Setting Up the Hosts

This page describes the procedures required to set up backend and client machines for the first time.

Preparations

After meeting the hardware and software requirements, it is necessary to prepare the backend and client machines for installation of the WekaIO system. This preparation of the hosts consists of the following steps:

  1. NIC driver installation.

  2. SR-IOV enablement.

  3. Network configuration.

  4. Network configuration verification.

  5. Clock synchronization.

Note: Some of the examples in this page contain version-specific information. Since software is updated frequently, the package versions available to you may differ to those presented here.

NIC Driver Installation

Note: The steps describing the installation of NIC drivers are provided as a courtesy. Refer to your NIC vendor documentation for the latest information and updates.

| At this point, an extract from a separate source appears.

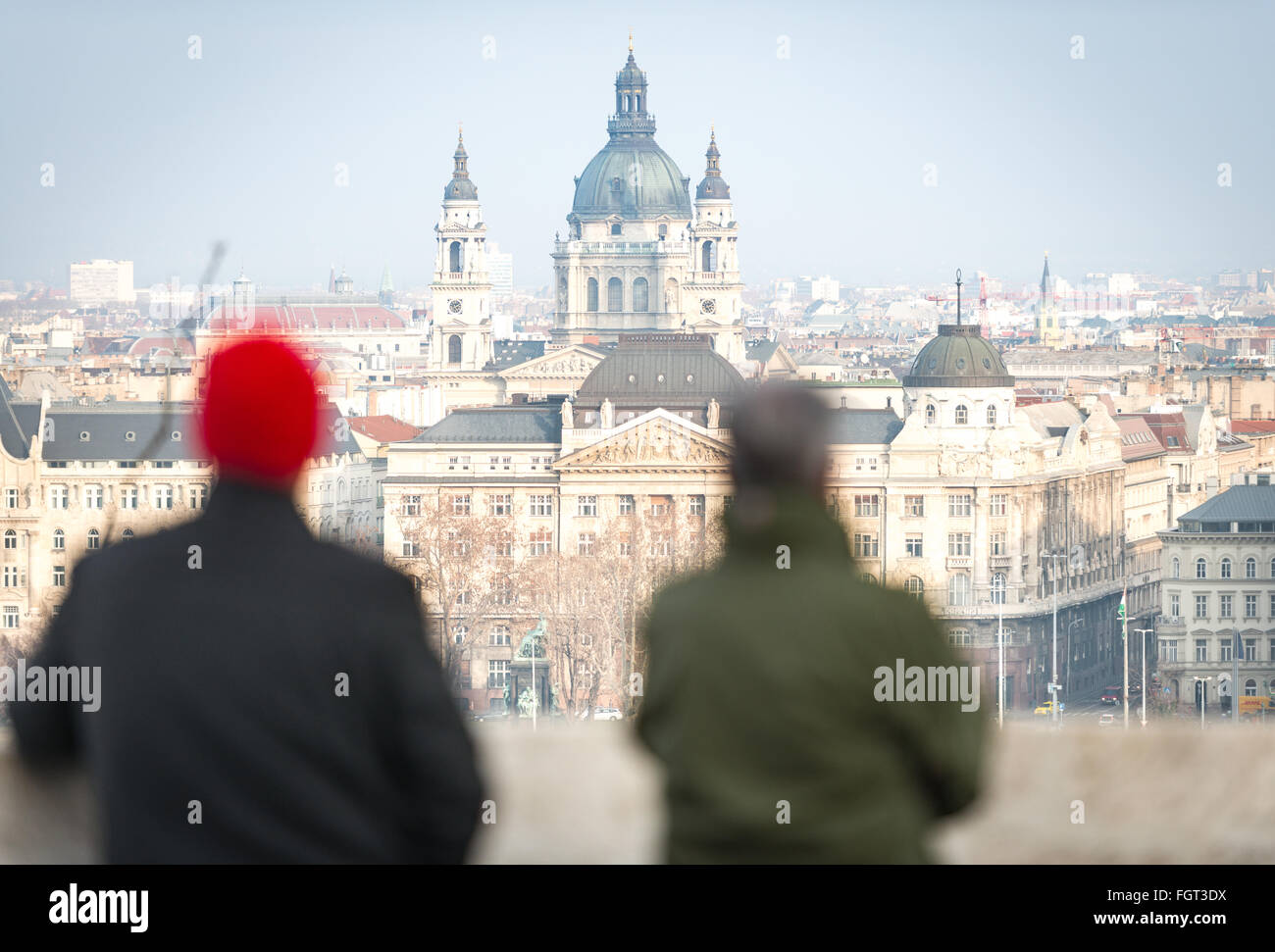 Vista sulla parte di Pest della città di Budapest con Santo Stefano Chiesa in background. Due turisti in primo piano. Ungheria, l'Europa. Foto Stock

Mellanox OFED Installation

This section describes an OFED installation procedure that has proven to be successful. However, Mellanox supports a number of other installation methods, any of which can be used to install OFED. For more information about other installation procedures, refer to the Mellanox documentation.

Meeting Mellanox OFED Prerequisites

The Mellanox OFED installation has a number of dependencies. The following example shows the installation of OFED dependencies in RHEL/CentOS 7.x using yum's [base] and [update] repositories, which are supported and preconfigured in RHEL and CentOS.

yum install perl libnl lsof tcl libxml2-python tk

This example assumes that the server was provisioned using the "Minimal installation" option and that it has access to yum repositories, either locally or over the Internet. This method can trigger updates to existing packages already installed on the server.

Alternatively, it is possible to install OFED dependencies without triggering updates to already-installed packages, as shown in the following example:

yum --disablerepo=* --enablerepo=base install perl libnl lsof tcl libxml2-python tk

Once the dependencies have been satisfied, it is possible to perform the OFED installation procedure.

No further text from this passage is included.